How to handle data requiring truncation to be valid

CP3 · January 23, 2025, 10:42pm

I am seeking advice on the appropriate statistical model for a situation involving right-truncated continuous data.

The outcome variable represents the duration (in weeks) that mothers fed their children formula after childbirth. The range includes responses like 0 weeks, 10 weeks, or 35 weeks.

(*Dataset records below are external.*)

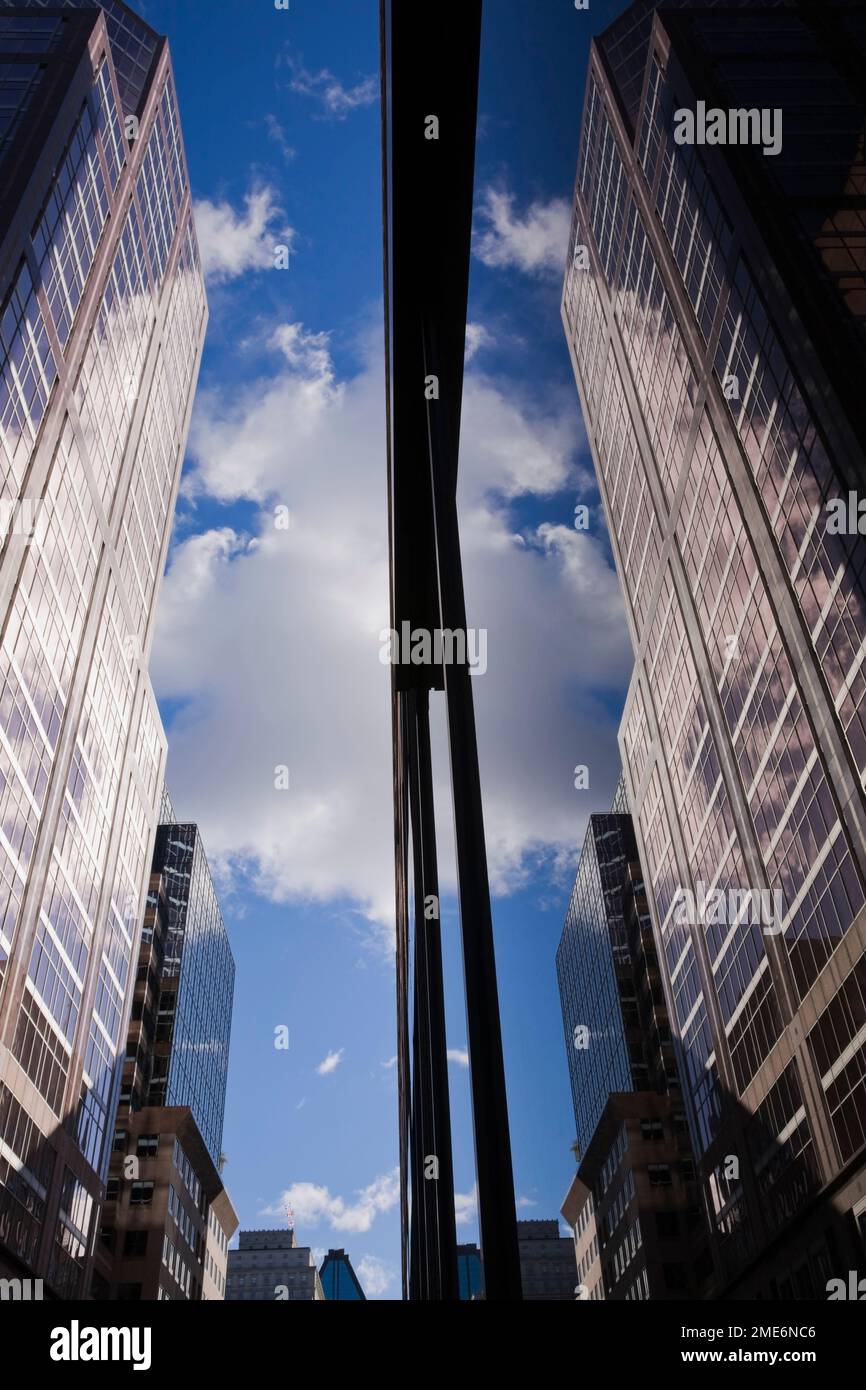Immagine speculare di edifici con cielo blu e nuvole riflesse nella grande finestra di vetro, Montreal, Quebec, Canada. Foto Stock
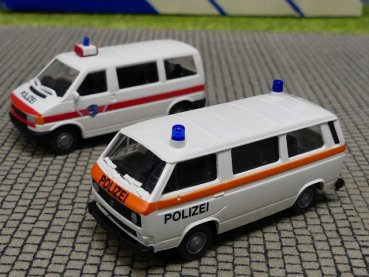 1/87 Roco VW T3 + VW T4 Polizei Schweiz CH 2413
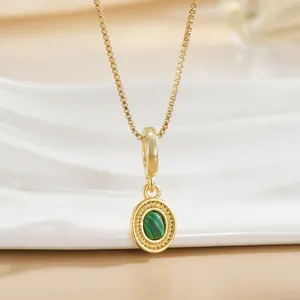 Close-up of gold-plated box chain necklace with green malachite pendant and zircon details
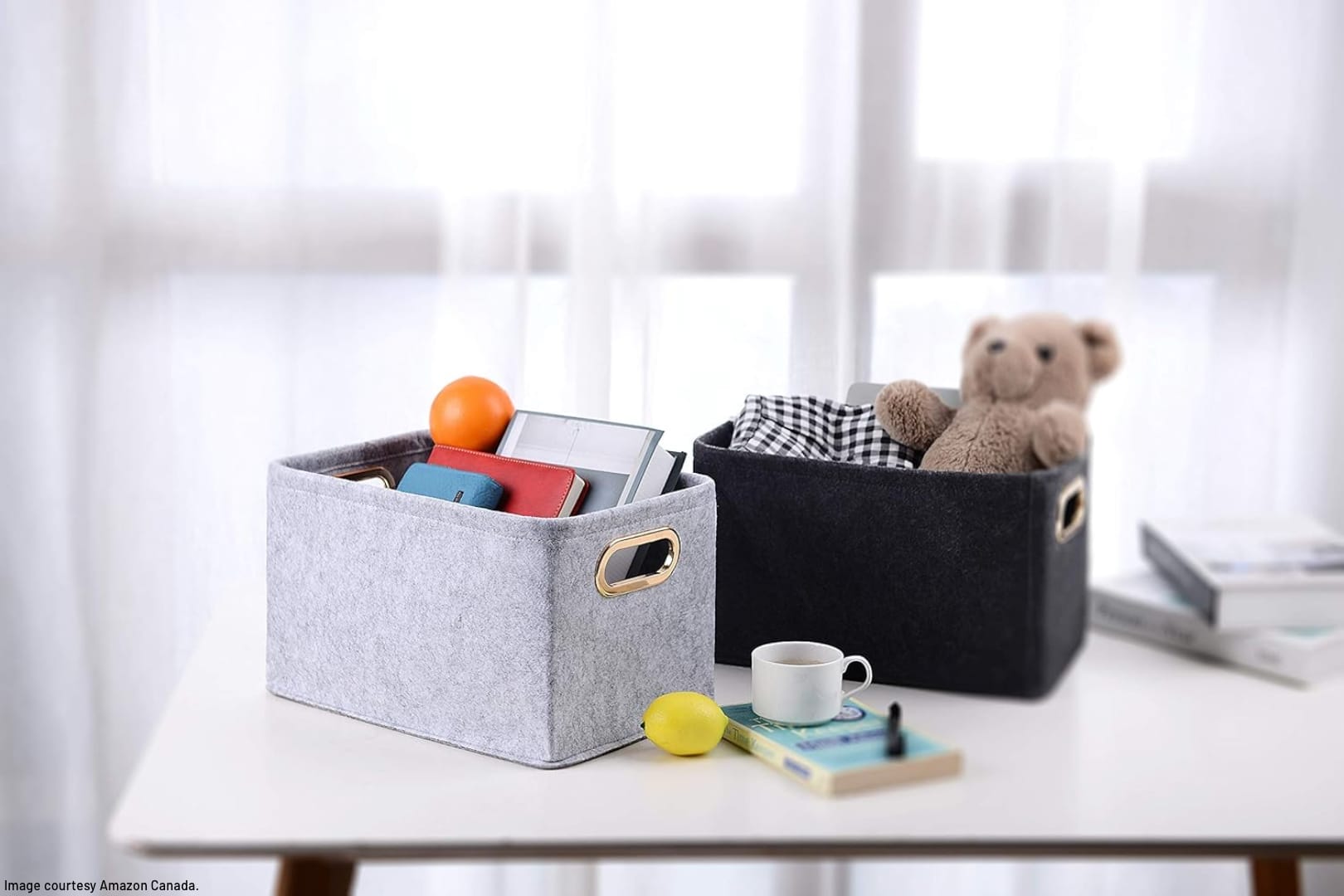 two felt bins on a table filled with various household goods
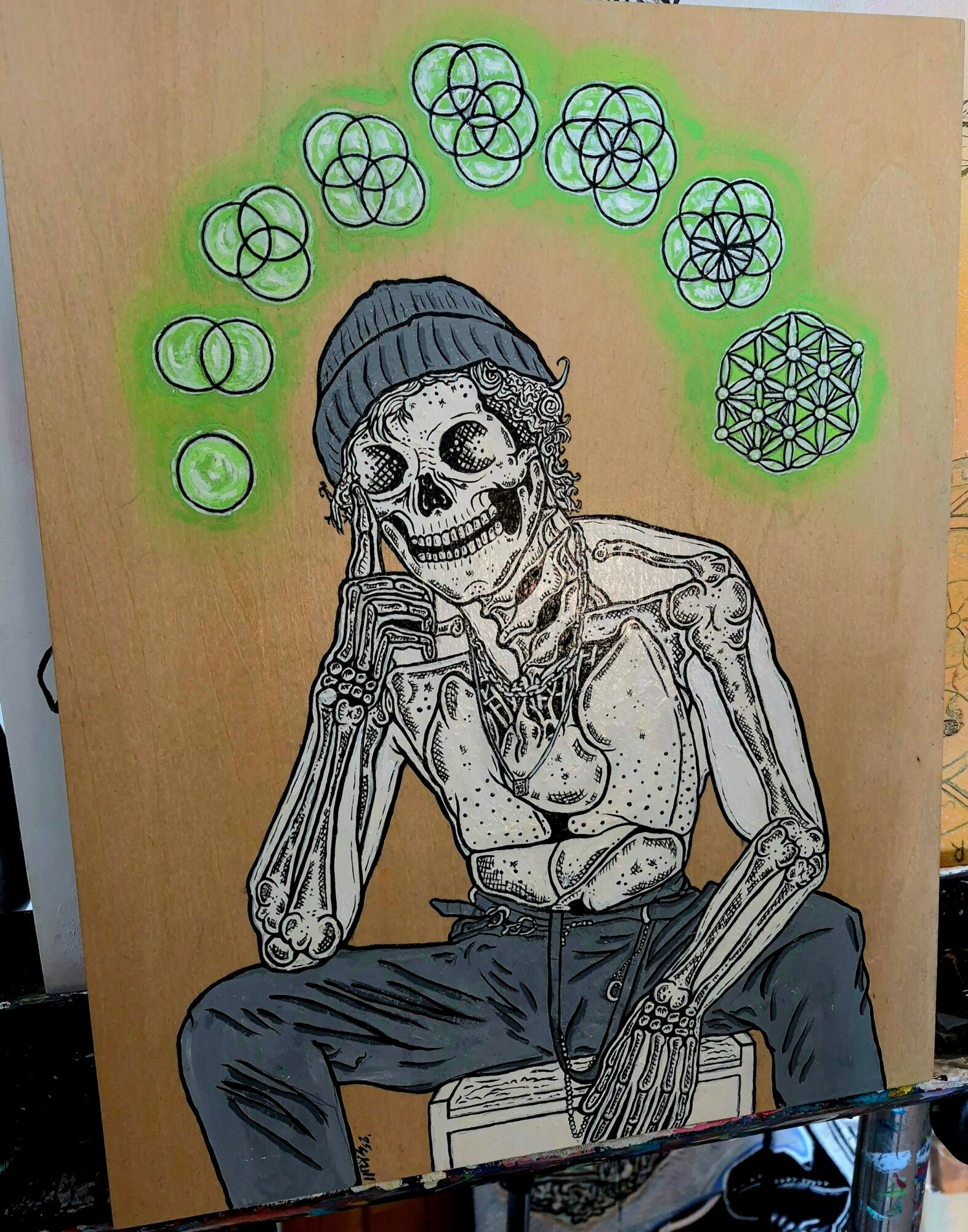 Skeleton wearing a beanie, sitting with one hand on chin, surrounded by geometric patterns in green and black, on a wooden background.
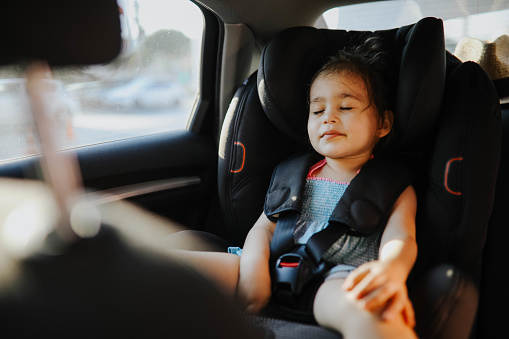 A Baby Girl asleep in her car seat.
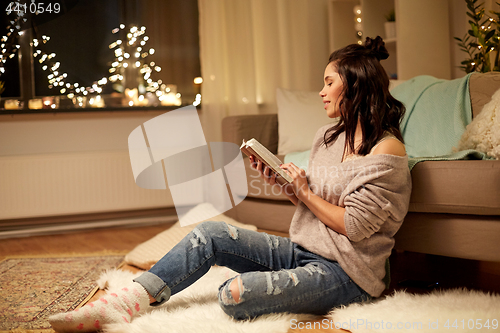 Image of happy young woman reading book at home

However, there is a measurement error in this data: some mothers reported durations that exceed the child’s age at the time of the interview. For instance, a mother was interviewed when her child was 2 weeks old but reported feeding formula for 10 weeks, the response is biologically implausible. To address this issue, we decided to truncate these responses to the child’s age. In this example, the response would be adjusted to 2 weeks.

Given this truncation process, what statistical models would be most appropriate to analyze this data? While I understand that a simple linear regression could be applied if we exclude erroneous observations, I am particularly interested in methods that explicitly account for truncation if these adjusted responses are included. I am uncertain about the applicability of survival models in this scenario, as there is no specific event being analyzed—only the duration of formula feeding. Given this, I am unsure if a survival model would be an appropriate fit.

Thanks.

f2harrell · January 24, 2025, 1:01pm

I changed the title to be more descriptive and re-categorized the topic.

This makes you wonder about the accuracy of data that did not violate the age criterion. Are you sure this study’s data collection procedures are adequate for the questions to be asked?

If the only major inaccuracy is on the right side you can use right-censored data as with time-to-event models. See also R packages handling interval censoring.

CP3 · January 25, 2025, 1:08am

Thank you Frank. I am not confident about the quality of the data , I will highlight this as a significant concern.